-- Material for this task follows --

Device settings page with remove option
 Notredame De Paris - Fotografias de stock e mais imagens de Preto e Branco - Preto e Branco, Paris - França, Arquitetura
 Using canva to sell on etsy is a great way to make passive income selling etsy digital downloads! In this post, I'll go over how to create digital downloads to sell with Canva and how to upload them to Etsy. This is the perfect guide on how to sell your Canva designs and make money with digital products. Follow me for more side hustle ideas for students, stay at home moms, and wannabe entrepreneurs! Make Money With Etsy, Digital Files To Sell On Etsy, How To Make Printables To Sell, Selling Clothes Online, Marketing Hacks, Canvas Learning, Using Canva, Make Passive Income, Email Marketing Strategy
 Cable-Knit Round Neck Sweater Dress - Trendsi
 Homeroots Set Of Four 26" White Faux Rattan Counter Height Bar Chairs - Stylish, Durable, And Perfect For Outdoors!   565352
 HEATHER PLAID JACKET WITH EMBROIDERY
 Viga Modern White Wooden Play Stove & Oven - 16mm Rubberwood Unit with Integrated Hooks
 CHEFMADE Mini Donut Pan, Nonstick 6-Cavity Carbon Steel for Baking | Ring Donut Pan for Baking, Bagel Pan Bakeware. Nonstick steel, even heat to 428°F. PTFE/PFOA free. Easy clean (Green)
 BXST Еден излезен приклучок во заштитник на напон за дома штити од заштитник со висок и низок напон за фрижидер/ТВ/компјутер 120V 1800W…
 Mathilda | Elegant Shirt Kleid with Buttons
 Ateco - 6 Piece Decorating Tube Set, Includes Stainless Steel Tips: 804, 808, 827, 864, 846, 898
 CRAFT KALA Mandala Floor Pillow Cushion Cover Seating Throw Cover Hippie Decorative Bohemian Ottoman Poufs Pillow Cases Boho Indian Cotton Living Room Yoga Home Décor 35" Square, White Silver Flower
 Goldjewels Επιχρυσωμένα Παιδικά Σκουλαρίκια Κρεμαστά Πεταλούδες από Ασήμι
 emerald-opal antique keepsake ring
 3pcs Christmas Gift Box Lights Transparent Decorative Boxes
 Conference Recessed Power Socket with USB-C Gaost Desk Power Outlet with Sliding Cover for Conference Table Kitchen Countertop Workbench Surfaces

-- Material for this task concluded --

Every line of the records that includes the word "Cover" should be gathered.

 CRAFT KALA Mandala Floor Pillow Cushion Cover Seating Throw Cover Hippie Decorative Bohemian Ottoman Poufs Pillow Cases Boho Indian Cotton Living Room Yoga Home Décor 35" Square, White Silver Flower
 Conference Recessed Power Socket with USB-C Gaost Desk Power Outlet with Sliding Cover for Conference Table Kitchen Countertop Workbench Surfaces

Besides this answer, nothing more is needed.